• _RECORDS SHOWN_
┌────────

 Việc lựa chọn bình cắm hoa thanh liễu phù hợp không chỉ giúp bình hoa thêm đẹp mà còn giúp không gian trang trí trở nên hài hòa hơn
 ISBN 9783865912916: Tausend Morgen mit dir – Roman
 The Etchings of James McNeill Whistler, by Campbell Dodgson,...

└────────
┌────────

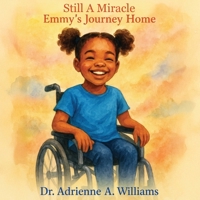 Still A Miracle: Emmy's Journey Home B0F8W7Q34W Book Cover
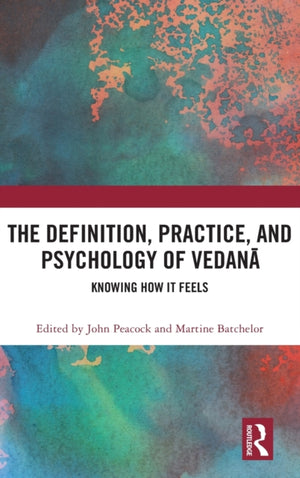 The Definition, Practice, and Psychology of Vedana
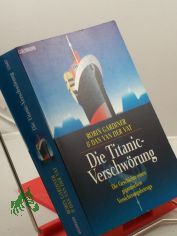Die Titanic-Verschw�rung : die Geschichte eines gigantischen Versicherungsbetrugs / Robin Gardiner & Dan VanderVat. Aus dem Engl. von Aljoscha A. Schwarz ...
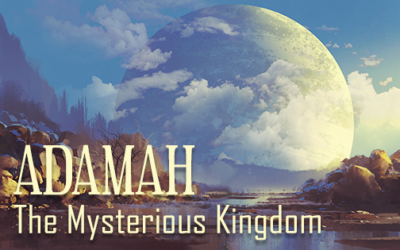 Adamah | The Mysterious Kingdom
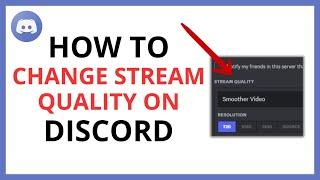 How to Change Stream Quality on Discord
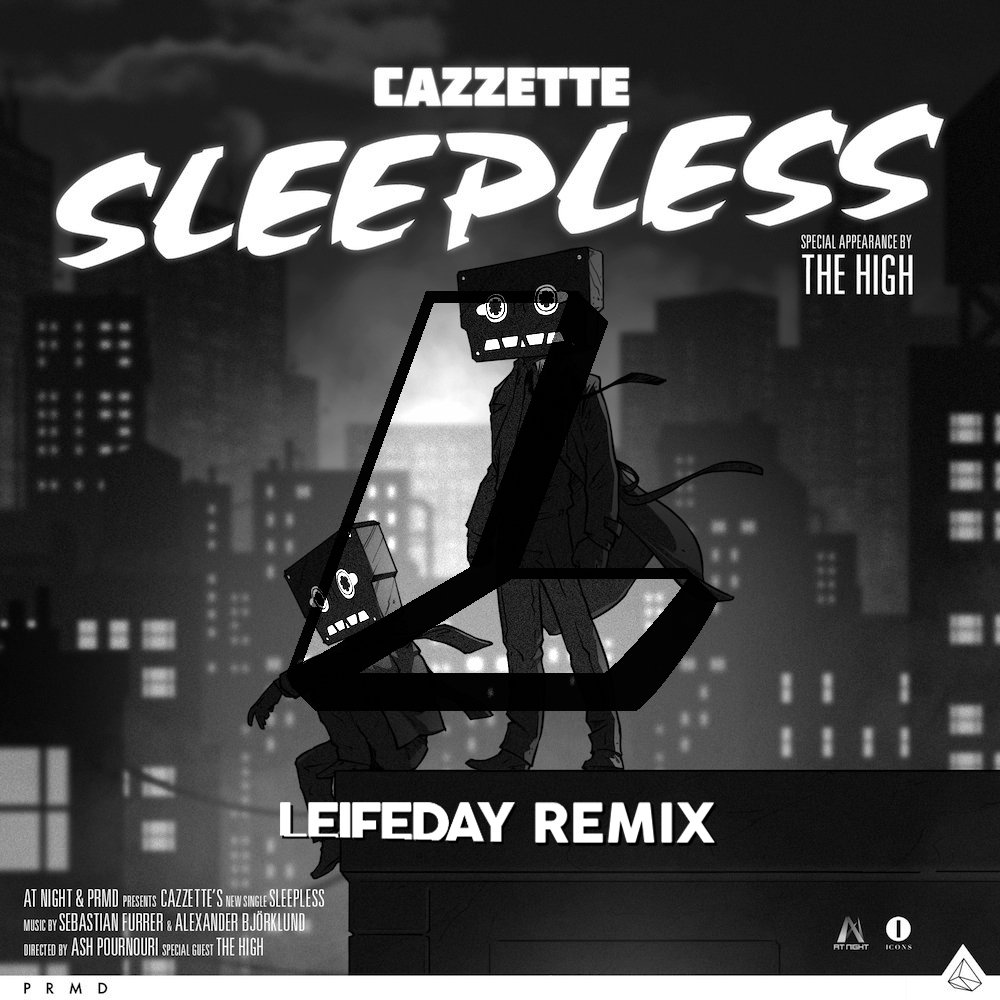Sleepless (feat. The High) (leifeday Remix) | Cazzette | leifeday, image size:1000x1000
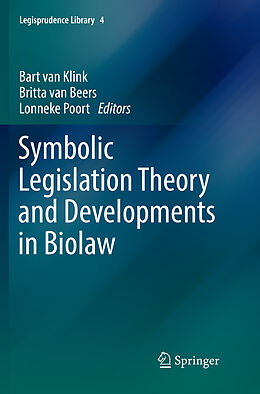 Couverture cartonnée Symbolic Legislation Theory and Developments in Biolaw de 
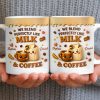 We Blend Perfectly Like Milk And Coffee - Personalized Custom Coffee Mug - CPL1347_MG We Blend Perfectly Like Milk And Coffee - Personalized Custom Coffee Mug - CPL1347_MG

└────────
┌────────

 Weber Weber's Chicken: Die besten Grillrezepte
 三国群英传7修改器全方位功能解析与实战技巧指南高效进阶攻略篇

└────────

• _YOUR INSTRUCTIONS_
Every line above in the stretch from the one with "The Definition, Practice, and" through the one with "- CPL1347_MG We" is to be transcribed exactly, ends included. No picture is copied.

• _SOLUTION TO THIS EXERCISE_
 The Definition, Practice, and Psychology of Vedana
Die Titanic-Verschw�rung : die Geschichte eines gigantischen Versicherungsbetrugs / Robin Gardiner & Dan VanderVat. Aus dem Engl. von Aljoscha A. Schwarz ...
 Adamah | The Mysterious Kingdom
 How to Change Stream Quality on Discord
Sleepless (feat. The High) (leifeday Remix) | Cazzette | leifeday, image size:1000x1000
 Couverture cartonnée Symbolic Legislation Theory and Developments in Biolaw de 
 We Blend Perfectly Like Milk And Coffee - Personalized Custom Coffee Mug - CPL1347_MG We Blend Perfectly Like Milk And Coffee - Personalized Custom Coffee Mug - CPL1347_MG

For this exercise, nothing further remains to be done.